In der Sitzung am 11.05.15 haben wir uns zunächst in zwei Gruppen mit jeweils vier Studierenden aufgeteilt, um Themen und Fragen aus dem Buch „Die Welt der Indianer“ bzw. „Political sovereignty and economic autonomy“ herauszuarbeiten und anschließend im Plenum vorzutragen.
Die Gruppe, die sich mit dem Buch „Die Welt der Indianer“ auseinandergesetzt hat, stellt die Frage nach der Perspektive. Es gilt stets zu beachten wer Geschichte schreibt bzw. geschrieben hat und ob es sich dabei um eine Insider- oder eine Outsiderperspektive handelt. Die Autor_innen legen dabei fest, welche Daten als relevant angesehen werden und ob sie sich auf sogenannte Oral History verlassen. Hinzu kommt, dass es sich bei Werken über das indigene Nordamerika oftmals um eine eurozentristische Sichtweise handelt und nicht um eine Tribatography, die aus der Perspektive einer bestimmten Ethnie geschrieben wird. Damit gehen die Fragen nach der Eigendefinition und der Fremdzuschreibung einher, die nicht getrennt voneinander gesehen werden dürfen. Wenn ich mich selbst definieren will, muss ich mich damit auseinandersetzen, wie ich von außen gesehen werde. Dabei stellt sich die Frage nach dem „wirklichen“ und dem „symbolischen Indianer“, der oftmals in Geschichtsschreibungen auftaucht. Es geht dabei um Sicht- und Hörbarkeit, als auch um Intelligibilität. Wann werden indigenen Personen als solche lesbar und auch als indigen anerkannt? Die Gruppe stellte somit die Frage nach der Perspektive, als auch die Frage nach der Identität bzw. nach dem Subjekt.
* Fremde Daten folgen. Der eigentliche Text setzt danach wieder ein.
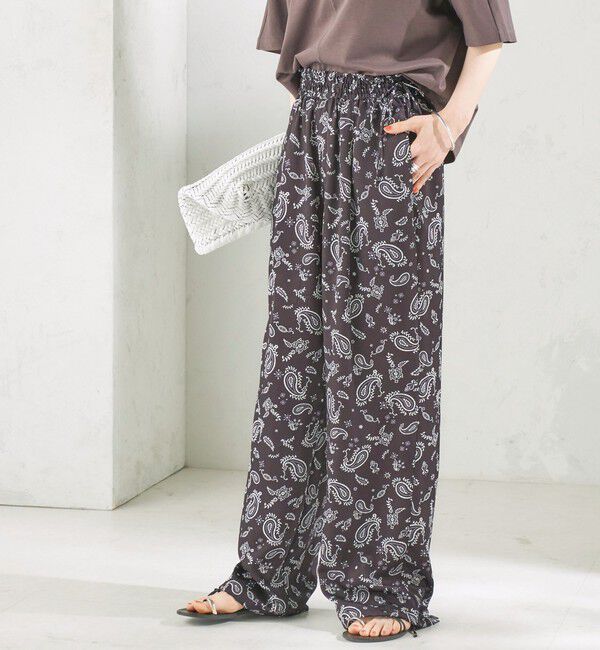 SHIPS for women「《予約》【SHIPS別注】TICCA&times;manipuri:〈手洗い可能〉プリント パンツ」|その他|ブラック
Diejenigen, die sich mit dem Buch „Political Sovereignty and Economic Autonomy“ beschäftigten, stellten die Frage nach der Anerkennung eines Staates bzw. einer Kultur. Dazu wurde der Kulturrelativismus herangezogen, der besagt, dass jede Kultur in sich gleichwertig ist und aus sich selbst heraus erklärt werden kann. Dadurch wird eine ethnische Sichtweise politisch umgesetzt. Das Aufzwängen des „American Way of Life“ und die Einstellung, dass es nur eine „richtige“ Kultur gibt und die für alle Menschen zu gelten hat, hat damit ein Ende. Aus diesem Gedanken sind Reservationen entstanden, die aber auch als Ghettos betrachtet werden können und somit das Ergebnis einer Vertreibungspolitik sind.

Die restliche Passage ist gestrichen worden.